“The garden is a lovesome thing, God wot.”
Thomas Edward Brown
As I walk around my own garden in early April, I feel like I do when I unpack the Christmas tree ornaments and see my old friends:
Sweet violets in the spring. I have a lot of them this year: patches of sweetness all over the garden. I see them every morning when I go through the gate into the cemetery, which is how I begin my morning constitutional. Soon that morning walk will be one of the few times I have shoes on my feet as I am mostly barefoot from May to October. My feet turn green from the grass stains and I go to bed happy.

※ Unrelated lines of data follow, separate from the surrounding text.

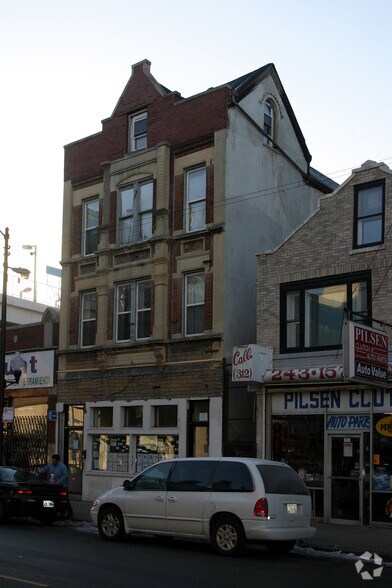 More Photos Of 1719 W 18th St, Chicago Storefront Retail Residential For Lease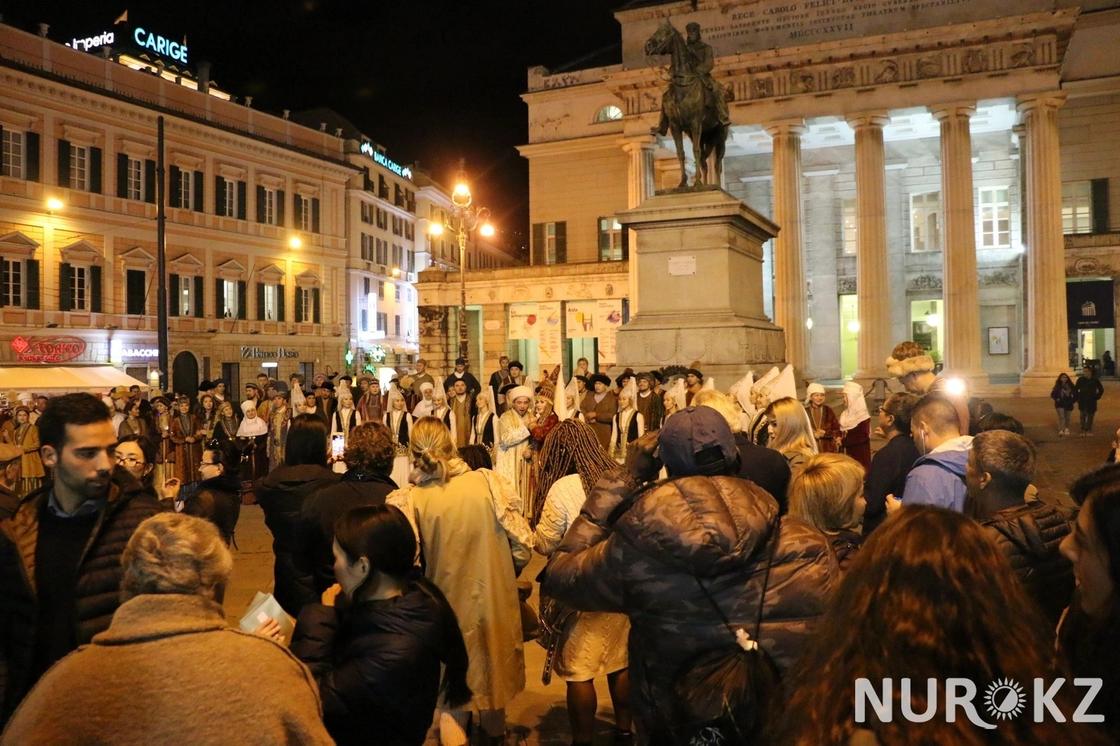 Поющие песню Абая казахи вызвали ажиотаж в итальянской Генуе (фото, видео)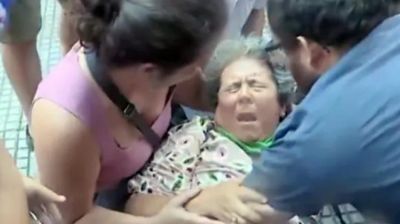 Dura represin policial en una protesta de jubilados y trabajadores del Garrahan frente al Congreso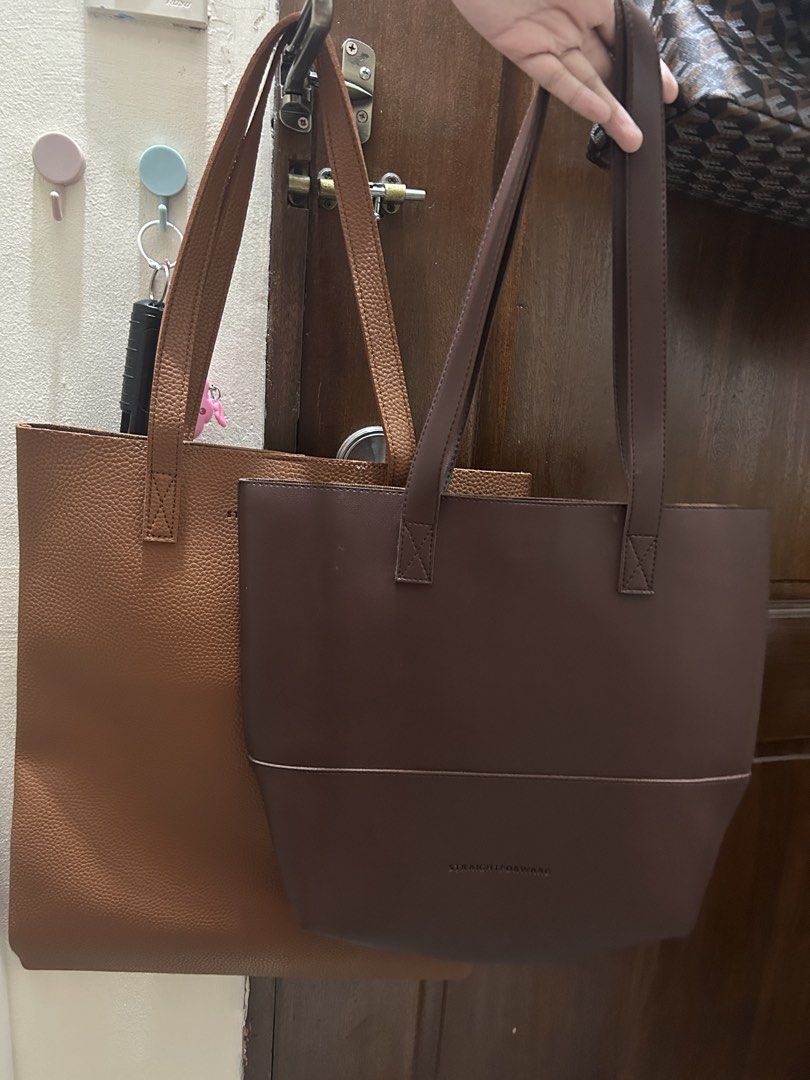 Straightforward tote bags (brown) (Category: Tote Bags) located in Manila. Submitted by preovedbykochi (Listing ID 1453936686, Image 2). Description: Buy both for 600! Only used once or twice .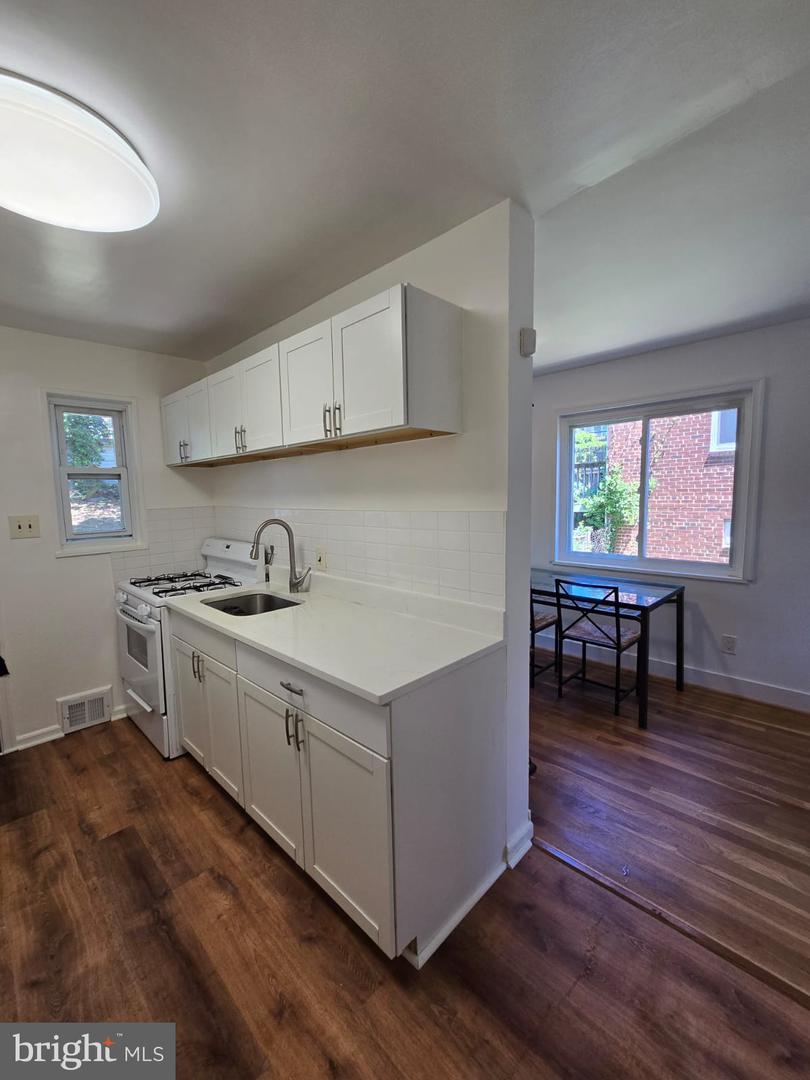 105 S IRIS ST, ALEXANDRIA, Virginia 22304, 2 Bedrooms Bedrooms, ,1 BathroomBathrooms,Residential,For sale,105 S IRIS ST,VAAX2045070 MLS # VAAX2045070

On the other side of my path to the cemetery the kerria japonica waves its unruly orange stems. I don’t know what happened to the kerria except that my gardening companion, Tim, pruned it to the ground two years ago very nearly over my dead body and it’s taken it that long for it to stagger back to its feet.
Tim is a baritone in the OK Chorale who moved to my neighborhood five or so years ago. For the first time in his adult life, he did not have a garden. He asked me one day if I had any large gardening projects I wanted done; he missed the garden. Take a minute to digest the wonder of this request: he missed having a garden to muck in. He wasn’t asking for work.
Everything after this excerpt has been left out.